Allerdings wird adidas hier natürlich nachlegen und auch farbige Modelle auf dem Markt schmeißen. Das ändert jedoch nichts am hochwertigen Eindruck, der bei einem stolzen Preis von derzeit rund 180€ zu erwarten ist.

Beim Reinschlüpfen hält das gute Gefühl an. Der Schuh bietet deutlich mehr Platz im Vorfußbereich, speziell für die Zehen. Das Primeknit Upper ist tatsächlich so bequem wie adidas es behauptet und passt sich der Fußform sehr gut an.

Einziges Manko hierbei ist die Atmungsaktivität, die bei kalten Temperaturen und viel Wind den Fuß gut „kühlt“. Aber gut, das hab ich vor allem beim Alltagstest gespürt, beim Laufen selbst fällt es kaum auf. Nur bei Regen dürfte es problematisch werden, aber das gilt wohl für alle Laufschuhe, die nicht mit Gore-Tex oder ähnlichem Wasserschutz ausgerüstet sind.
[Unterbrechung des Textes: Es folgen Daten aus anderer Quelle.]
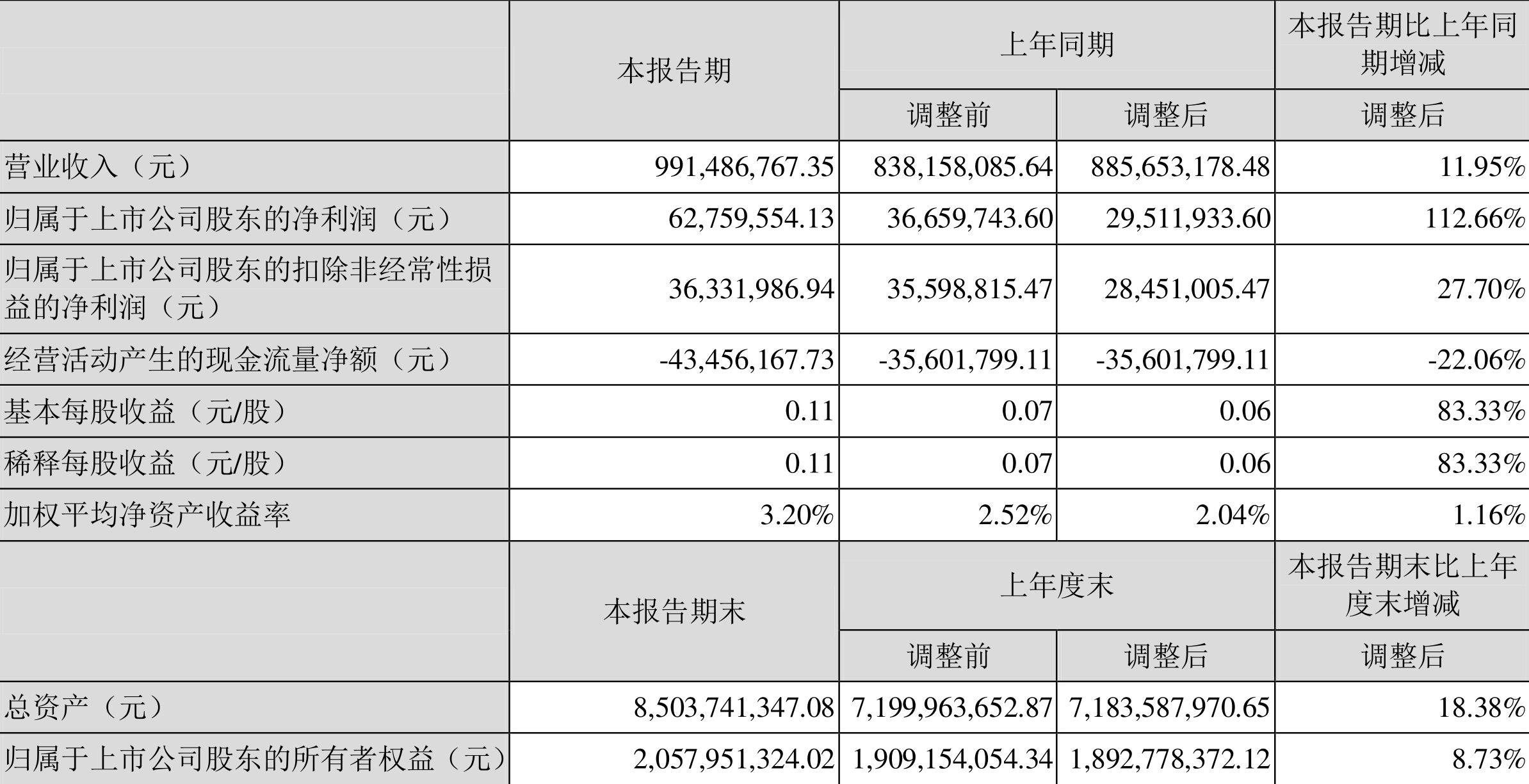 百川股份:2022年一季度净利润6275.96万元同比增长112.66%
Und apropos Alltag: Der Schuh macht nicht nur an Sportlerfüßen eine gute Figur, sondern bietet sich auch als Every-Day-Schuh an. Luxus für die Füße schadet schließlich keinem von uns, erst recht nicht, wenn wir den ganzen Tag nur im Büro sitzen…

Beim Laufen selbst war ich skeptisch, wie lange die Sohle hält. Sie ist sehr dünn und das BOOST™ Dämpfungsmaterial sehr weich. adidas bewirbt ihn als „Komfortschuh“ und empfiehlt ihn für Langstrecken auf festen Straßen. Denselben Eindruck hatte auch ich, nachdem ich verschiedene Untergründe gelaufen bin:

1. Auf asphaltierten/betonierten Straßen bieten die Schuhe ein hervorragendes Laufgefühl.
2. Für Waldspazierwege eignen sie sich ebenfalls gut, wobei sich größere Steine ggfs. ins BOOST™ eindrücken – also aufpassen!
3. Über Stock und Stein auf Trails sind die adidas sehr agil, aber von der Sohle her gegenüber ausgewiesenen Trailschuhen jedoch im Nachteil.

Für hohes Tempo ist der Schuh meiner Meinung nach nicht ideal, wenngleich es sich trotz der 10mm Sprengung gut auf dem Vorfuß laufen lässt. Für lange Strecken hatte ich bisher einen adidas Energy Boost an, doch der neue Ultra Boost ist der beste Schuh, den ich bisher getragen habe. Kein Scherz!

Wer zum Mittelfuß- oder Rückfußlauf tendiert, stört sich womöglich am Boost-Effekt. Kilometerfressende Freizeitläufer mit neutraler Fußstellung werden diesen Schuh hingegen lieben - unabhängig von ihrer Erfahrung oder ihrem Leistungsniveau!